This time, we see in the Greek lian proi: very early, exceedingly early, utterly early. The emphatic lian adds intensity of intention to the women rising early in the morning. While the chief priests rose early and with straightaway intensity to destroy the body of Jesus, the doting women rose exceedingly early to show their devotion to the torn body of Jesus. Of course, the Spirit was quick to prod me with the questions, “What makes you rise early in the morning?” and ” What are the ordering passions of your life?”

The One who Rose Early for the Father

These are not the first occurrences of the phrase “early in the morning” in Mark’s gospel.
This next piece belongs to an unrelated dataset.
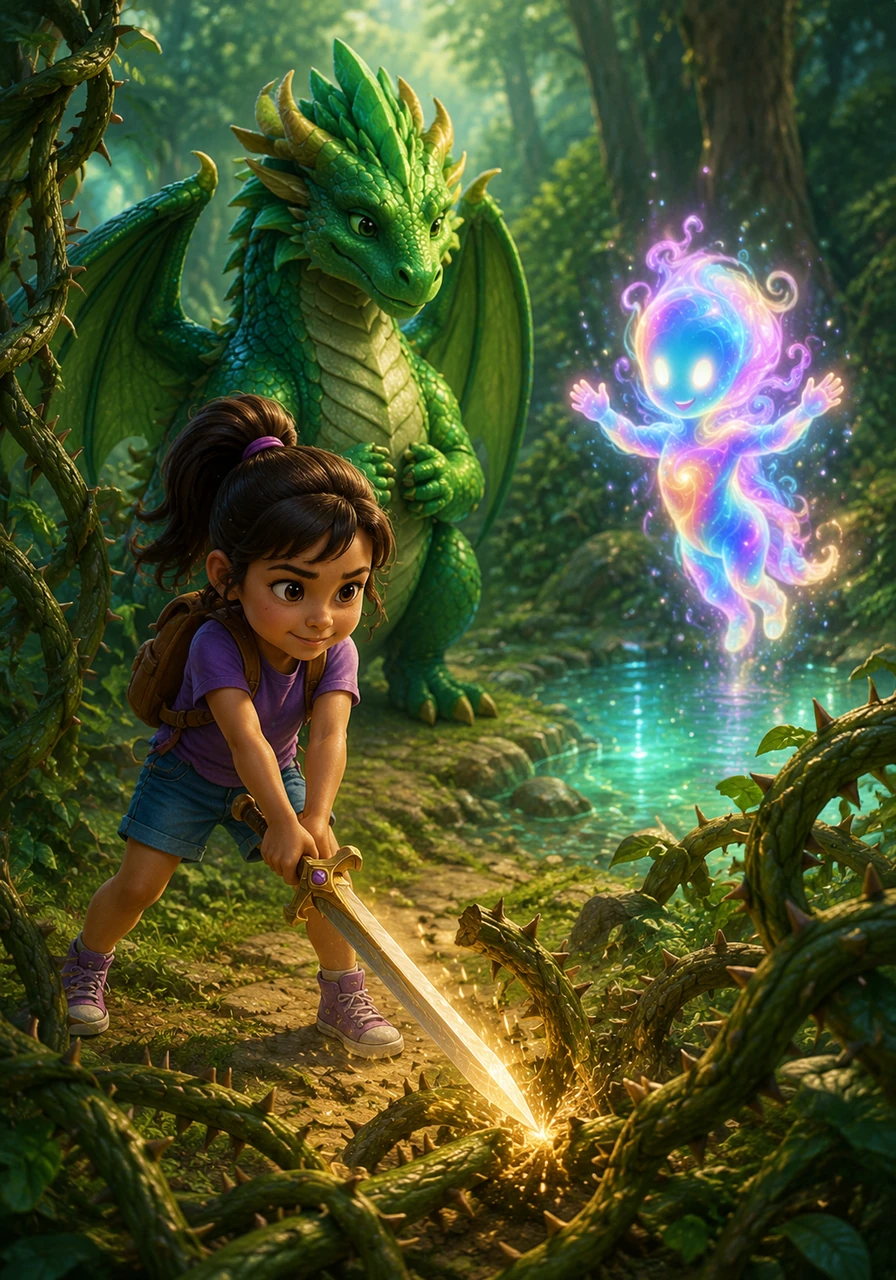 Maya draws her toy sword, not to fight, but to clear a path of thorny vines so Alish can reach a glowing pond. The mystical creature chirps in delight, realizing that this little girl is a true friend to all living things.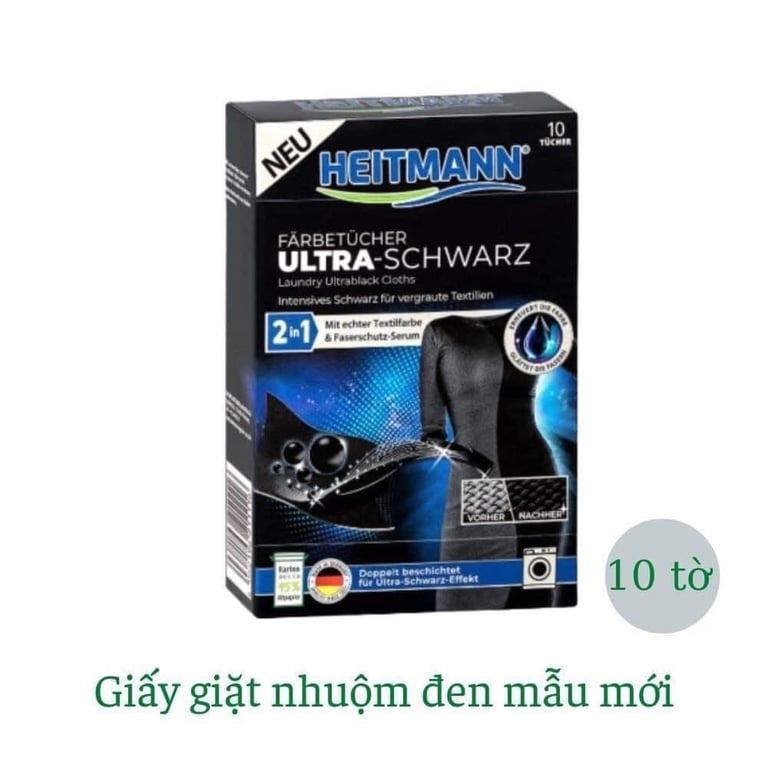 SET 10 TỜ GIẤY GIẶT - NHUỘM ĐEN QUẦN ÁO HEITMANN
Way back in the first chapter of his gospel, Mark writes the following of Jesus:

“And rising very early in the morning, while it was still dark, he departed and went out to a desolate place, and there he prayed” (Mark 1:35).
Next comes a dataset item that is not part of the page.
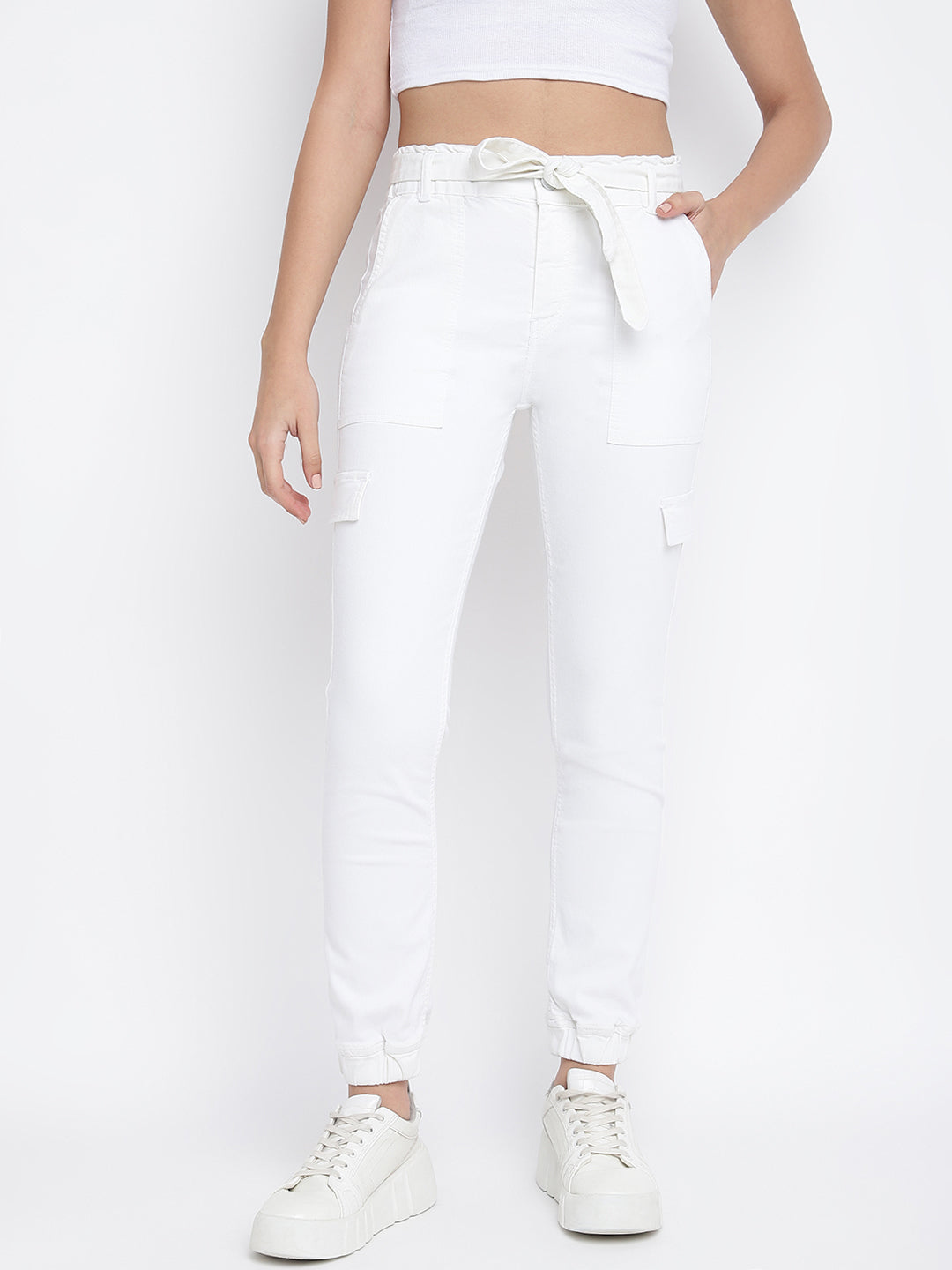 Women White Joggers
In the Greek, we have lian proi (like we saw with the ladies heading to the tomb), but we also have the added ennuchos, meaning “while it was still night.”

Again, it may seem like splitting hairs, but words create worlds. Underneath that rising-early-before-the-dark-Jesus, we sense the passion, the urgency, the priority of being with the Father.

Long before Jesus rose from the tomb, he was raising early to be with the Father. Love for the Father, hunger for his nearness, and readiness to obey him were the organizing passions of Jesus’s life. What got him out of bed every morning was the existing, eternal smile of the Father and his desire to live ever-pleasing the Father while walking the earth.

Jesus never wavered in his morning motivation. I do. Jesus never missed a moment of being with the Father. I do. Yet, he rose from the dead that I might be empowered by the indwelling Spirit to rise with the desire to please the One already fully at pleasure with me through Christ. No matter how early I rise, there is one already waiting for me.

I was reminded of one of my favorite George Herbert’s poems, “Easter (II).”

“I got me flowers to straw thy way;
I got me boughs off many a tree:
But thou wast up by break of day,
And brought’st thy sweets along with thee.

The Sun arising in the East,
Through he give light, and th’ East perfume;
If they should offer to contest
With thy arising, they presume.

Can there be any day but this,
Though many suns to shine endeavor?
We count three hundred , but we miss:
there is but one, and that one ever.”

Herbert recognized that no matter how early arose on Easter morning to greet Jesus, Jesus was already risen and ready to greet him. The same is true of us daily.